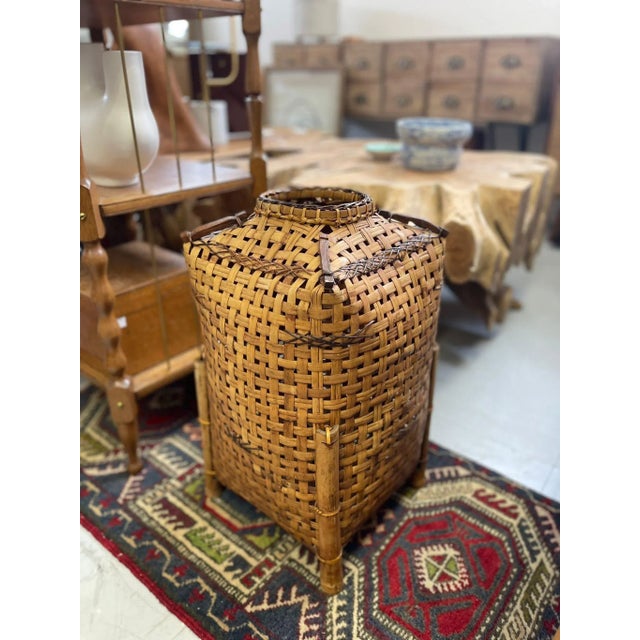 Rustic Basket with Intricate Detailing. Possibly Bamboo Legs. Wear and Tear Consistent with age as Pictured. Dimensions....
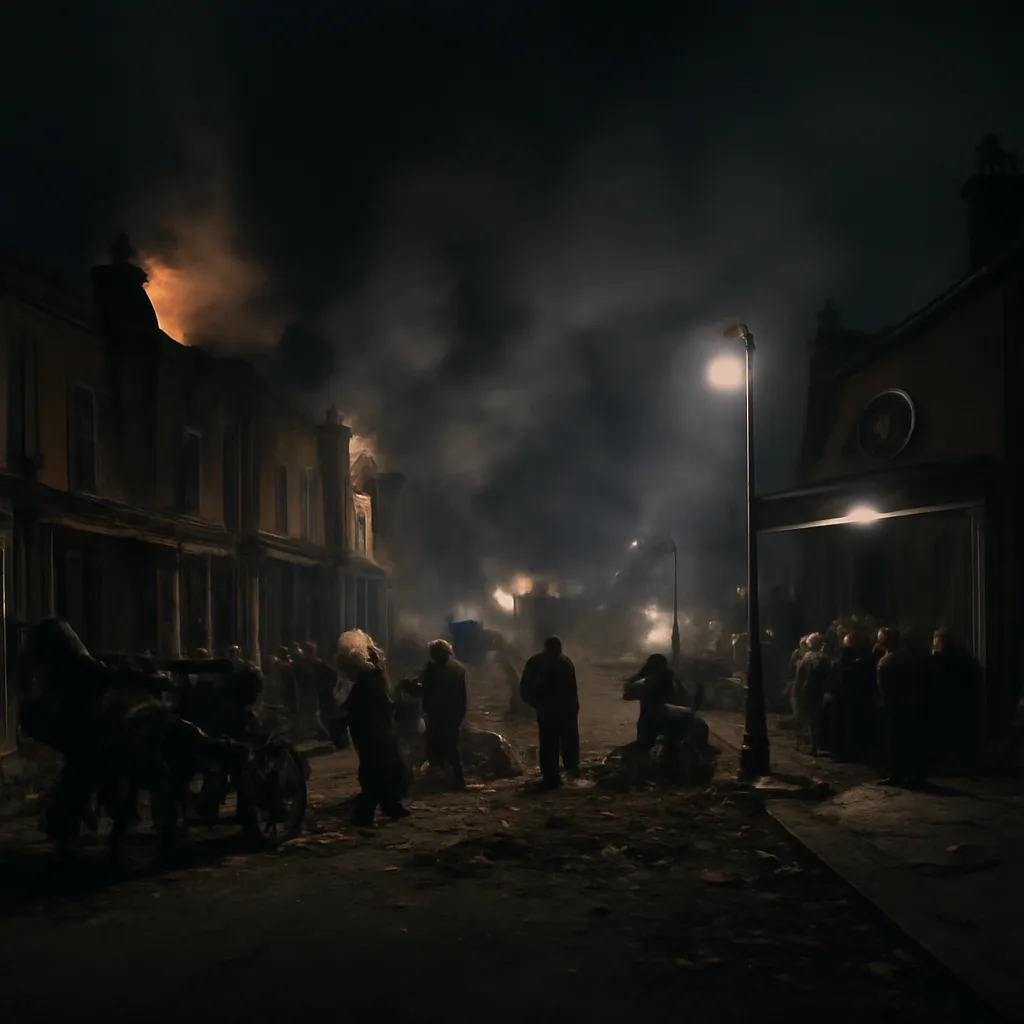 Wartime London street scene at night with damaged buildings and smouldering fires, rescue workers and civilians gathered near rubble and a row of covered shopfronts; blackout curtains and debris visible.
-=-=-
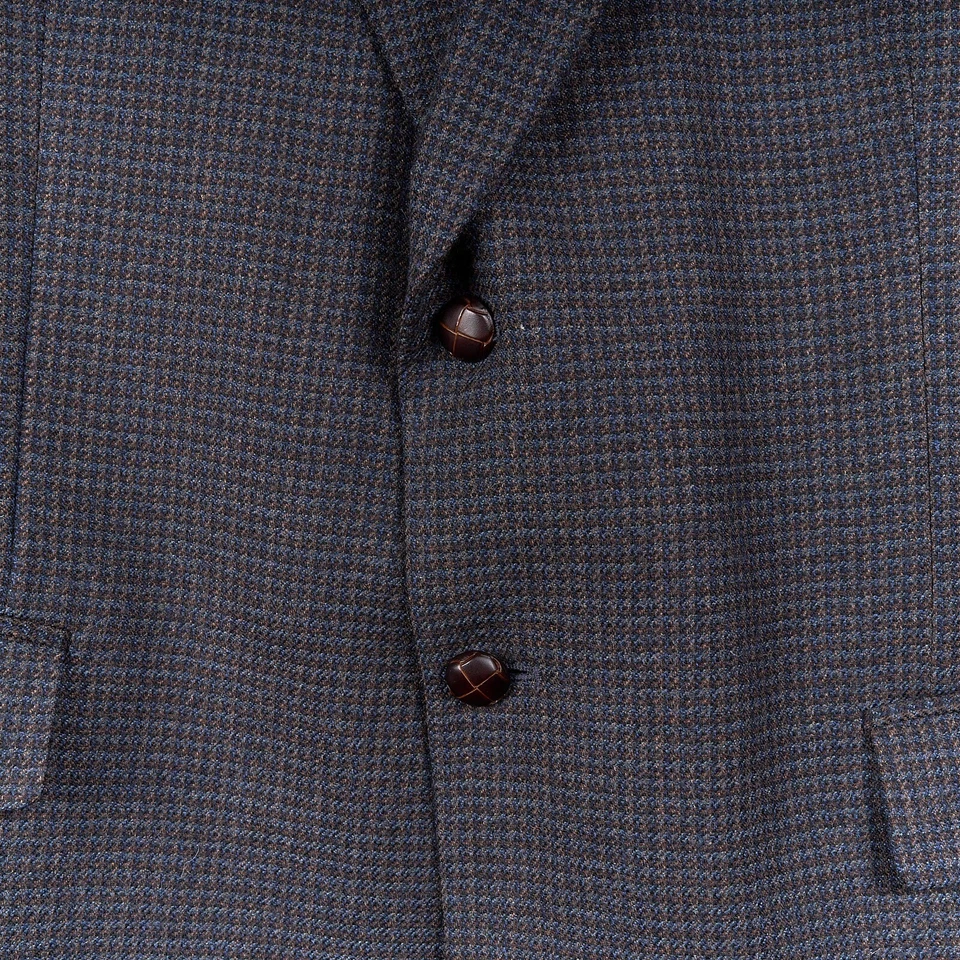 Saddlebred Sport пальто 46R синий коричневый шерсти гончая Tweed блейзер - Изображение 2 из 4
-=-=-
# Exercise goal
Would you print exactly the lines in the listing above, from the line bearing "Rustic Basket with" through the line bearing "Wartime London street", leaving out all pictures?

# Answer space
 Rustic Basket with Intricate Detailing. Possibly Bamboo Legs. Wear and Tear Consistent with age as Pictured. Dimensions....
 Wartime London street scene at night with damaged buildings and smouldering fires, rescue workers and civilians gathered near rubble and a row of covered shopfronts; blackout curtains and debris visible.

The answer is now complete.